Looks like this issue has taken a step or two *backwards* in the past years. Where as the second function used to be vectorized properly, today it seems neither of them are. Contrast this with Clang, which compiles *both* functions into a single instruction: vaddps xmm0, xmm1, xmm0 or some variant thereof depending on the -m options. Compiler Explorer link: https://godbolt.org/z/2AKhnt
(In reply to Joel Yliluoma from comment #11) > Looks like this issue has taken a step or two *backwards* in the past years. > > Where as the second function used to be vectorized properly, today it seems > neither of them are. Which version do you see vectorizing the second (add2) function? > Contrast this with Clang, which compiles *both* functions into a single > instruction: > > vaddps xmm0, xmm1, xmm0 > > or some variant thereof depending on the -m options. > > Compiler Explorer link: https://godbolt.org/z/2AKhnt The main issues on the GCC side are a) ABI details not exposed at the point of vectorization (several PRs about this exist) b) "Poor" support for two-element float vectors (an understatement, we have some support for MMX but that's integer only, but I'm not sure we've enabled the 3dnow part to be emulated with SSE) oddly enough even with -mmmx -m3dnow I see add2 lowered by veclower so the vector type or the vector add must be unsupported(?). llvm is known to support emulating smaller vectors just fine (and by design is also aware of ABI details).

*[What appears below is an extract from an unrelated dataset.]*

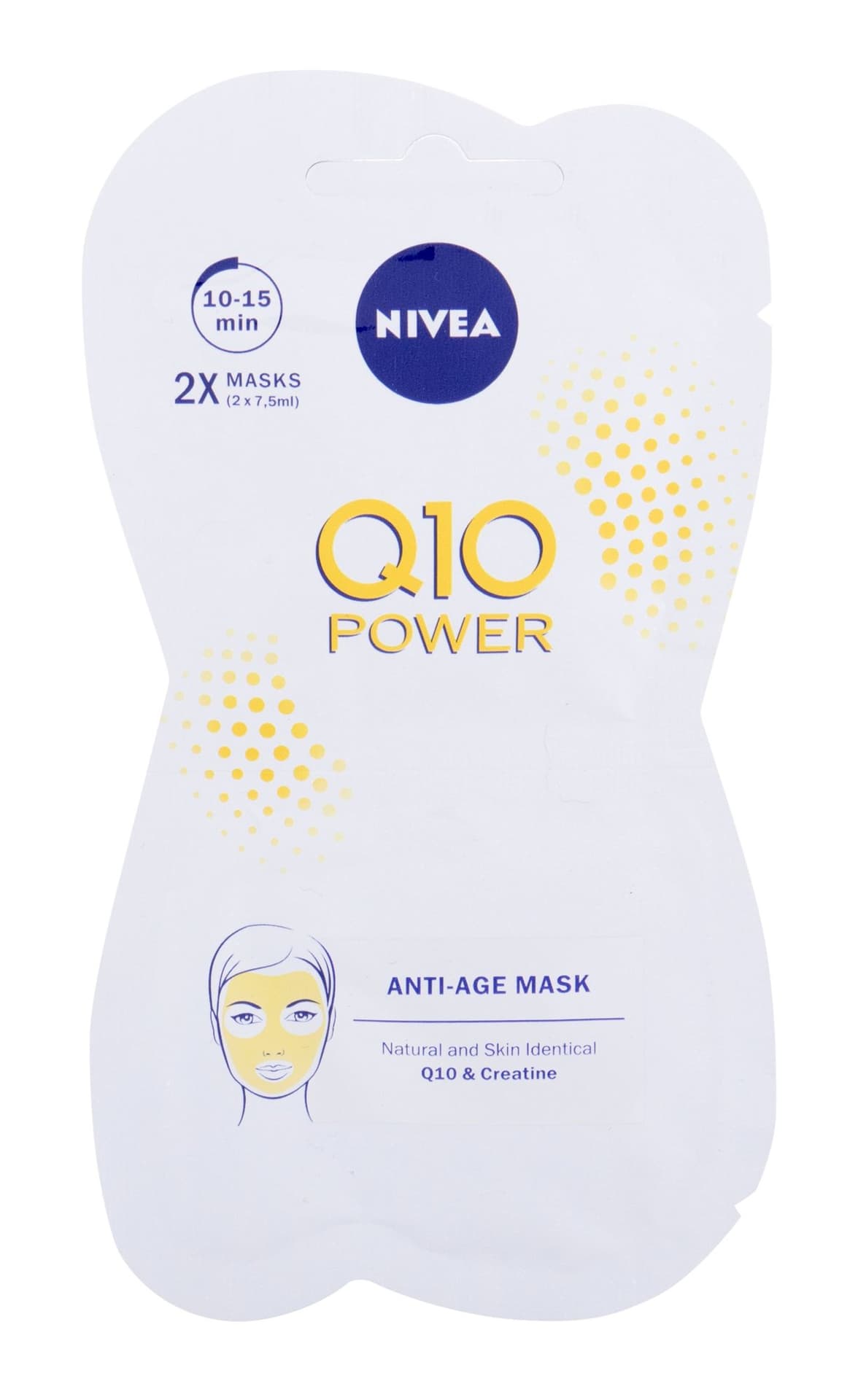 

Nivea Anti-Age Q10 Power Maseczka do twarzy 15ml (W)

GCC 4.1.2 is indicated in the bug report headers. Luckily, Compiler Explorer has a copy of that exact version, and it indeed vectorizes the second function: https://godbolt.org/z/DC_SSb On my own system, the earliest I have is 4.6. The Compiler Explorer has 4.4, and it, or anything newer than that, no longer vectorizes either function.
(In reply to Joel Yliluoma from comment #13) > GCC 4.1.2 is indicated in the bug report headers. > Luckily, Compiler Explorer has a copy of that exact version, and it indeed > vectorizes the second function: https://godbolt.org/z/DC_SSb > > On my own system, the earliest I have is 4.6. The Compiler Explorer has 4.4, > and it, or anything newer than that, no longer vectorizes either function. Ah, OK - that's before GCC learned vectorization and is code-generated by RTL expanding return {BIT_FIELD_REF <a, 128, 0> + BIT_FIELD_REF <b, 128, 0>}; so the only vector support was GCCs generic vectors (and intrinsics). The generated code is far from perfect though. I also think llvms code generation is bogus since it appears the ABI does not guarantee zeroed upper elements of the xmm0 argument which means they could contain sNaNs: typedef float ss2 __attribute__((vector_size(8))); typedef float ss4 __attribute__((vector_size(16))); ss2 add2(ss2 a, ss2 b); void bar(ss4 a) { volatile ss2 x; x = add2 ((ss2){a[0], a[1]}, (ss2){a[0], a[1]}); } produces bar: .LFB1: .cfi_startproc subq $56, %rsp .cfi_def_cfa_offset 64 movdqa %xmm0, %xmm1 call add2 movq %xmm0, 24(%rsp) addq $56, %rsp which means we pass through 'a' unchanged.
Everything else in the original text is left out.